Il
percorso dell’avventura umana non è per nulla ineluttabile, lo
sappiamo bene. Se 66 milioni di anni or sono non fosse piovuto dal
cielo un certo sassolino, a dominare in questo pianeta sarebbero
probabilmente ancora dei rettili giganteschi.
E chissà quanti altri
analoghi petardi ci hanno mancato per un colpo di vento divino. Del
resto era già tutto scritto, altrimenti Gesù e Maometto non
sarebbero mai nati. Se poi siamo passati dalle palafitte ai
grattaceli, dalle lucerne ad olio alle lampade a Led, da Michelangelo
Buonarroti a Michelangelo Pistoletto, qualcosa vorrà pur dire.
Anche
se forse non ce ne rendiamo ancora ben conto, stiamo incominciando a
vivere tempi molto interessanti. Almeno noi che non viviamo sotto i
cieli intensi di Siria e Afghanistan. Per molti aspetti è in atto
non solo una cesura col Novecento ma con gran parte della nostra
storia precedente.
Nonostante miliardi d’individui stentino a
campare, si fa sempre più leggibile la possibilità di separare
l’economia dalla vita, dal nonsenso dell’impero del valore di
scambio, dalla funzione che aliena il lavoratore, dalla curva
variabile dei mercati che decide a distanza il destino dell’umanità.
Il
capitalismo esibisce la sua verità e la sua menzogna e mette in
scena il proprio fallimento con la stessa dedizione con la quale
aveva messo in piedi lo spettacolo del benessere per tutti e senza
fine. Ormai sono degli organismi privati che si sostituiscono allo
Stato borghese vacillante, gestiscono tutto, dalle carceri alla
miseria, dalla previdenza sociale al gioco d’azzardo, dall’acqua
a ogni tipo d’inquinamento.
Ciò segnala l’imminenza del diluvio
e la necessità di costruirci un’arca dove trovare posto. È già
ciò che hanno fatto, mentre molti di noi s’attardano con elezioni
e sondaggi, i ricchi nei loro rifugi esclusivi e sorvegliati.
La
disoccupazione e il precariato di massa sono aspetti della
contraddizione crescente tra sviluppo delle forze produttive e vecchi
rapporti di produzione, contraddizione che deflagrerà per alcuni dei
motivi apparentemente casuali che si sono andati accumulando.
E, al
solito, si guarderà a quei motivi trascurando il fattore dinamico
per eccellenza del capitalismo, quel fattore che il professor
Cacciari chiama “risparmio di lavoro necessario”. E tutto ciò
non perché la produttività del lavoro cade ma anzi perché è
aumentata enormemente.
Questa
realtà in qualche modo si sta chiarendo anche al senso comune,
insinuando possibilità che però non avranno futuro se non si
procederà con un violento rovesciamento dell’attuale sistema
coercitivo di estrazione del plusvalore e dunque, cosa che ogni
benpensante piccolo borghese trascura, con il superamento del
carattere di classe del processo lavorativo (e distributivo).
È
tutto interesse degli ex rigattieri del marxismo, al servizio della
borghesia, far credere ai fanciullini che blaterano di salario di
cittadinanza che attraverso un riformismo di facciata sia possibile
risolvere le catastrofi della società borghese.
Questi
fanciulli pensano che siano fatti neutrali la scienza e la tecnica,
le relazioni mercantili, il processo lavorativo capitalista e, per
analogia, quello di ricevere dei sussidi per campare senza lavorare.

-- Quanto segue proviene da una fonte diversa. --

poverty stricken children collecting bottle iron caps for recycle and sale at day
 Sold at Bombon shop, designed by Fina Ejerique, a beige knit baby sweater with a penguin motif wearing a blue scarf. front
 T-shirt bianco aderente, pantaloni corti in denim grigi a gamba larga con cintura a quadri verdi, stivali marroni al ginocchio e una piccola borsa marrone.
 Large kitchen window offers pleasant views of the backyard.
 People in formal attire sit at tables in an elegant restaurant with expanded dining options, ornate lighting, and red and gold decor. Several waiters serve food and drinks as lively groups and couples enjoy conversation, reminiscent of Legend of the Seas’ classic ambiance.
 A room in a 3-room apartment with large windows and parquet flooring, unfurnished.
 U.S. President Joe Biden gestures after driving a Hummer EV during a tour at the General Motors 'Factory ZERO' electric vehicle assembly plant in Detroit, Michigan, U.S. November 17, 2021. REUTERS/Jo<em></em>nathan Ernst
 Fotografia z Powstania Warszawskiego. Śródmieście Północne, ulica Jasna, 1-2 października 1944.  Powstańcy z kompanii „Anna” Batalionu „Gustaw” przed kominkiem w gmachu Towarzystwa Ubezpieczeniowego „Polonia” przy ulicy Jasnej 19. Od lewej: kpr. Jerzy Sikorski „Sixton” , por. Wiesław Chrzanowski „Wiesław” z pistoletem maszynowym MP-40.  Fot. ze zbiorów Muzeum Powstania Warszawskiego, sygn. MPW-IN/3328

Che ciò non implichi invece l’assoggettamento e l’esautorazione
dei proletari dalla sfera economica, il controllo e il ricatto
politico di qualsiasi loro iniziativa.
Allo Stato, espressione degli
interessi della borghesia, per esercitare le proprie prerogative e
rigori, basterà, in nome delle sovvenzioni accordate ai cittadini,
escludere o revocare i suoi benefici a coloro i quali avranno
demeritato i suoi temibili favori (il terrorismo previdenziale, anche
se vicenda assai diversa per certi riguardi, dovrebbe illuminare).